Cuando el acercamiento, se convierte en distancia

Es una paradoja, pero esto sucede. Si te acercas a algo, te estás alejando de otro lado. Te voy a realizar dos preguntas: ¿Cuándo ha sido la última vez que has visto una película o serie en casa y no has mirado el móvil? ¿Cuándo has estado cenando, por ejemplo, con tu pareja en una ocasión especial y el móvil estaba en la mesa?

A veces nos creemos multitarea, y no somos un ordenador

La velocidad con la que accedemos a todo es instantánea. De hecho, la espera de que la App de Twitter se abra ya nos parece lento. Otro ejemplo: Un niño esperando en la cola del cine y sus padres les dan el iPad para que no moleste. ¿De verdad estamos educándonos bien? Ya no solo a los niños, sino a nosotros mismos. Toda la velocidad que hemos ganado en hacer cosas la queremos aplicar a toda nuestra vida, y eso, no siempre es bueno.

La tecnología también de aliada para corregir estos efectos

Estos dos últimos párrafos pueden tener como conclusión que ya no sabemos esperar, ni dedicar la atención necesaria a las cosas que se lo merecen. Ojo, no quiero que se confunda. He escrito este artículo desde un iPad Pro, en un autobús desde Zaragoza a Madrid. La tecnología permite hacer cosas maravillosas en medios en los que antes solo te quedaba mirar por la venta. Sin embargo, llego a mi casa y con mi novio no toco el móvil en todo el fin de semana.

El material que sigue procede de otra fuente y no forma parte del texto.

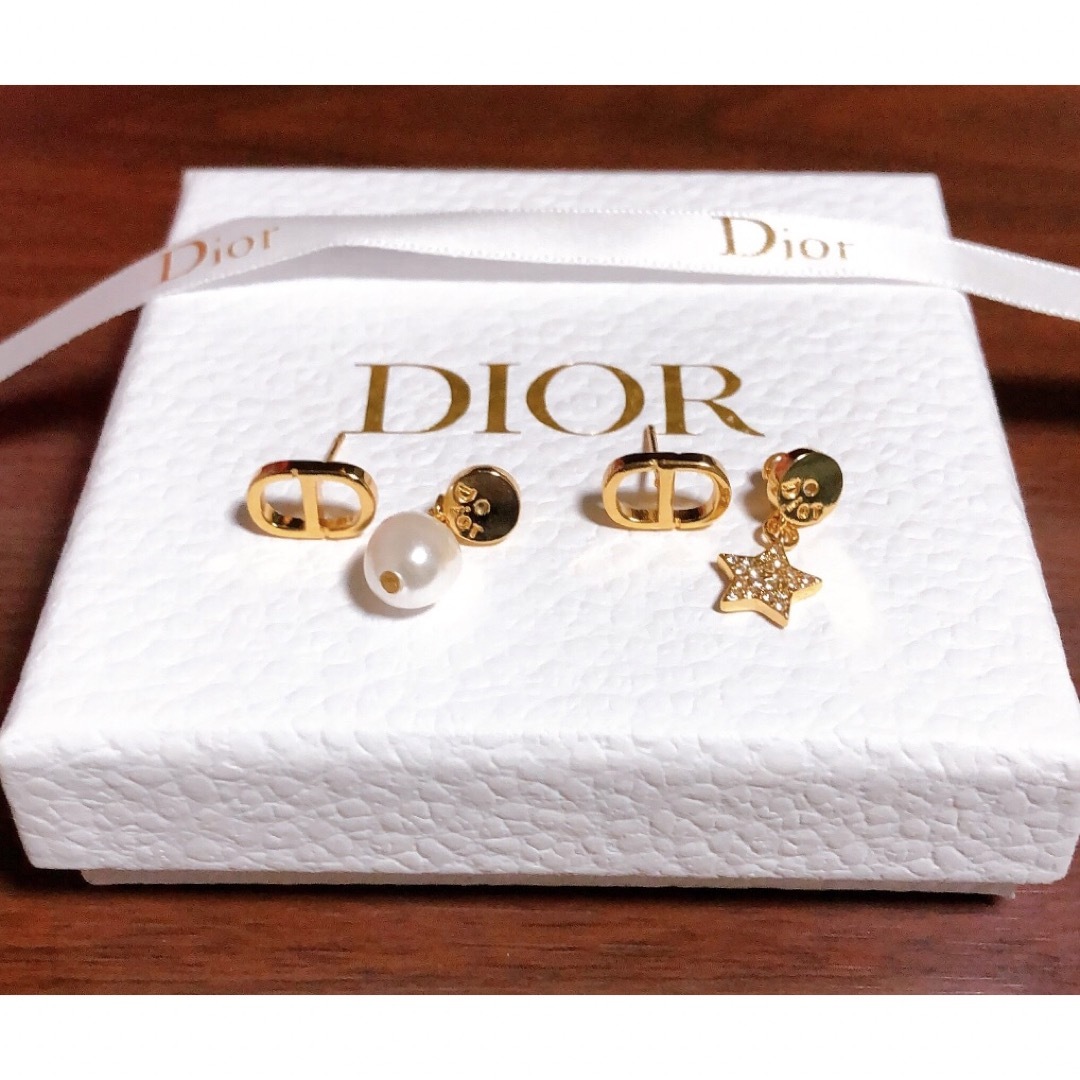 Christian Dior(クリスチャンディオール)のDior CD ロゴ 揺れるピアス ゴールド パール ストーン 星  レディースのアクセサリー(ピアス)の商品写真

La atención plena la tengo muy presente en mi vida. El Apple Watch, por ejemplo tiene una aplicación centrada en eso. Puede parecer una tontería, pero te hace respirar durante 1 minuto sin hacer nada más. Sí, hacer una cosa y dedicarnos exclusivamente a ello. Algo que me cuesta mucho ver en mi día a día en todos los ámbitos.

En los dispositivos de Apple contamos con la opción «Tiempo de uso». Algo que va mucho más allá que un control parental donde controlar cuanto tiempo juega nuestro hijo con el iPad. Os invito a ver la cantidad de horas que pasamos en aplicaciones y reflexionar sobre si en todas esas horas hemos mejorado como persona, aprendido algo… o es tiempo muerto, sin más. El propio Tim Cook, CEO de Apple ha aconsejado desactivar las notificaciones de los dispositivos; e incluso decir que si en una cena miras más a tu móvil, que a la persona, algo estás haciendo mal.

¿Sabemos parar cuando toca? ¿Priorizamos con qué estar en cada momento? Seguramente este artículo no haya sido agradable de leer, tampoco fue de escuchar en la entrevista que realicé en una Apple Store. Pero todo tiene su “modo oscuro” y este es, al menos para mi, el de la tecnología. ¿Qué opinas iSenaCoder? Te aseguro que me encantará leer tu opinión.